HPDE – First Day at the Track

High Performance Driving Event (HPDE) – Introduction

Driving on a race track for the first time can be intimidating, but we have an awesome team of instructors that are there to help you every step of the way!  Below are some recommended ways to prepare for your first HPDE event.

Stuff to Bring

You’ll want to bring some creature comforts to the track, such as a camping chair, sun umbrella, and a cooler of water or Gatorade.  It’s important to remember to take care of yourself as well as you take care of your car during this event.  Even the slightest bit of dehydration can lead to fuzzy thinking, and you definitely want a clear head on the track.  The track cafe is generally open to the public, but be prepared with your own snacks, too.  It’s important to keep your energy up through the day as there is a lot of new information to process.

Prepare Ahead

You may have heard about the “racing line” on a track.  The racing line is something you will learn in your first HPDE 1 event with your instructor.  To learn the line ahead of time, download and study the track map for your event.  Next, search YouTube by track name for in-car camera views.  Look for cars similar to your own, driven by experienced drivers. Use the map and videos together to get familiar with the circuit.  Get used to wearing a helmet in your car.

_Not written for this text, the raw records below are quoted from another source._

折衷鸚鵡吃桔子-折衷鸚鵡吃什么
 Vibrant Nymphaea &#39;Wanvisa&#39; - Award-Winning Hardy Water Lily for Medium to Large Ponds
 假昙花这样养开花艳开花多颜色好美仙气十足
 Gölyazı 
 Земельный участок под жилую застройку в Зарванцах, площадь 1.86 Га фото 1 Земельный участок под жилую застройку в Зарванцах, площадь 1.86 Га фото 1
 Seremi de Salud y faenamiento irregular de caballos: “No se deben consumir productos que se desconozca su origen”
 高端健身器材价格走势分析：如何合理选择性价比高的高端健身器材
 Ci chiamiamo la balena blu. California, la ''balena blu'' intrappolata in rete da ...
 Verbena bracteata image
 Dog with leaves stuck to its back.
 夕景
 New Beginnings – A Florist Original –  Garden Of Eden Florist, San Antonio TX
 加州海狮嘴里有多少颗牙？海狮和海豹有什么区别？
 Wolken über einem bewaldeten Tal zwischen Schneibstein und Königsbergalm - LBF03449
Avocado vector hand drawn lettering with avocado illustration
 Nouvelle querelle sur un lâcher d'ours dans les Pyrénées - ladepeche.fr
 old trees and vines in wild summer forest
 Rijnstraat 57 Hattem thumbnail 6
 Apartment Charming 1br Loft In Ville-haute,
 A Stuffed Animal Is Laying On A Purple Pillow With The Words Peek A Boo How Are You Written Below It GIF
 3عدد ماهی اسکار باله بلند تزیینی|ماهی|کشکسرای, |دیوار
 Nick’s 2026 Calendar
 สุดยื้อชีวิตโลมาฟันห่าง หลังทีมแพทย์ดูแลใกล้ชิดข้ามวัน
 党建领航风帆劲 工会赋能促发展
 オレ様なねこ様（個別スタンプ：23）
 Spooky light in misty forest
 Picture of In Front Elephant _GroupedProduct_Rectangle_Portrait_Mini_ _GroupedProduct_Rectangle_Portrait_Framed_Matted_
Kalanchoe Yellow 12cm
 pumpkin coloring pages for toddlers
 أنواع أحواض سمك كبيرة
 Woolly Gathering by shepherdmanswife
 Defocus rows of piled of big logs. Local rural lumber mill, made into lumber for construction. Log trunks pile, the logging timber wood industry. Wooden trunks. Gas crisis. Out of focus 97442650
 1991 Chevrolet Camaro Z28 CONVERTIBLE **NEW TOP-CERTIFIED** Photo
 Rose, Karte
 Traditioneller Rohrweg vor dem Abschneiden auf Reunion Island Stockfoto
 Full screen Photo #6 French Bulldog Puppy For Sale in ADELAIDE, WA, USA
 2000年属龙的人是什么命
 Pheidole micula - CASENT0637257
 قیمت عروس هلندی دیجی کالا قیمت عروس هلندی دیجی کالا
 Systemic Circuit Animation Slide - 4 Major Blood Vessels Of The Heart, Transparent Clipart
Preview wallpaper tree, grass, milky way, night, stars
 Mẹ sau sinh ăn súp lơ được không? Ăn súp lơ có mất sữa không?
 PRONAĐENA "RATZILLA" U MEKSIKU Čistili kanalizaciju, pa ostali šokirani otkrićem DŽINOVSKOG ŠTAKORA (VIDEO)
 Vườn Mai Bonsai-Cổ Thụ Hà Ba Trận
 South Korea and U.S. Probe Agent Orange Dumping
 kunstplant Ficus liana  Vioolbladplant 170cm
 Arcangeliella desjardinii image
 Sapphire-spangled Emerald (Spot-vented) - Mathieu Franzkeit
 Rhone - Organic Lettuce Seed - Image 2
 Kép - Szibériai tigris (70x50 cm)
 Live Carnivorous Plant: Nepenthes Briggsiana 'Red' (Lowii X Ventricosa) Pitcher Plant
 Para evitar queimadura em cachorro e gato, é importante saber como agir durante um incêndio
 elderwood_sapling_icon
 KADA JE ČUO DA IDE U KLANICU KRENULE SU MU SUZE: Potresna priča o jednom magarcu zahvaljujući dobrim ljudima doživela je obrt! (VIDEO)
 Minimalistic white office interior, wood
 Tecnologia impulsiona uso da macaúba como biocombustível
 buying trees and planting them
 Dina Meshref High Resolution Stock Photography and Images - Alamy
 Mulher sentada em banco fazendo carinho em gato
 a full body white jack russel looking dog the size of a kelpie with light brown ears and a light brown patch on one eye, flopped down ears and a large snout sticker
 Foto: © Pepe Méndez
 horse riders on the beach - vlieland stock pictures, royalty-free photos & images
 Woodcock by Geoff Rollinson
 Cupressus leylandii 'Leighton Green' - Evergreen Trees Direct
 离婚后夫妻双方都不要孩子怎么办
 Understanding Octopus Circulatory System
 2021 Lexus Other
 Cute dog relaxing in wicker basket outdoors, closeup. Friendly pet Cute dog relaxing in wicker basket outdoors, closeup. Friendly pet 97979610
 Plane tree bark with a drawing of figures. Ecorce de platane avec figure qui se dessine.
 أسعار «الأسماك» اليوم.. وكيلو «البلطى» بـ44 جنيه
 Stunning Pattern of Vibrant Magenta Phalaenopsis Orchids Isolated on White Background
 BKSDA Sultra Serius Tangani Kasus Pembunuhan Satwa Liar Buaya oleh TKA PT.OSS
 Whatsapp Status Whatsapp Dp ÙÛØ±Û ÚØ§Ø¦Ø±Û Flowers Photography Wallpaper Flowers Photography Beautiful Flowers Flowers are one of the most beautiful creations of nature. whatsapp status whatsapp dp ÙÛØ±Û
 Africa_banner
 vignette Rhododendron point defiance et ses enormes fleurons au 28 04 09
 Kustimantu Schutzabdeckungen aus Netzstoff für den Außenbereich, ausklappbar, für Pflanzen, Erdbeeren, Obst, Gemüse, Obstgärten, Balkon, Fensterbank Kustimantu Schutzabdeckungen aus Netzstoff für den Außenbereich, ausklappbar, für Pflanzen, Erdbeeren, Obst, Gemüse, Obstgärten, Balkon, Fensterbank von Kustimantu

Review the HPDE CCRs (sections 3-11).  There are two pages of track flags that you can familiarize yourself with ahead of the game.  You’ll really impress your instructor if you come to the track already knowing these flags.

Get Your Car Ready

Inspect your car for the following:

  1. Wheels and tires: Be sure your tires have the appropriate air pressures and that your lug nuts are tight.  No cracks, dents, or damage to the tire edges.  Tire tread should be above the wear bars.  No cords or belts showing.  No tires repaired with plugs.  Hubcaps or “beauty rings” must be removed.
  2. Steering & Suspension: Test the play in wheel bearings by grabbing the tire with both hands and trying to move the wheel side-to-side.  There should not be any play or sound.  There should no excess play in the steering: movement of the steering wheel should directly affect direction of the front wheels, without hesitation.
  3. Engine: No fluid leaks. Battery fully secured by two bolts.  Battery terminals covered, to prevent arcs/sparks (fire) in an accident.
  4. Brakes: The brake pedal should be firm, continually.  Check brake lines to ensure there are no cracks or leaks.  Check brake fluid level and clarity.  Brake pads must have greater minimal thickness than safe or necessary for street driving.  Test the brake lights.
  5. Interior: Seats should be bolted in tightly.  Seat belts must be in excellent condition. Cars without fixed roofs must have a roll bar.
  6. Safety Gear: A properly fitting helmet is required.  It should be snug but comfortable.  A little too snug is better than too loose.  Minimum rating is SNELL 2005 (SA2005 or M2005).  Newer helmets with SA ratings are strongly recommended.  Eye protection is required: face shield, goggles, or safety glasses.
  7. Clothing: Wear natural fiber clothing.  Synthetic/man-made fibers are flammable unless specifically marketed as non-flammable.  Wear snugly fitting, closed toe shoes.  Most drivers like thin soles for pedal feel.
  8. General: There should be no exposed wires.  The car should have a good gas cap that seals.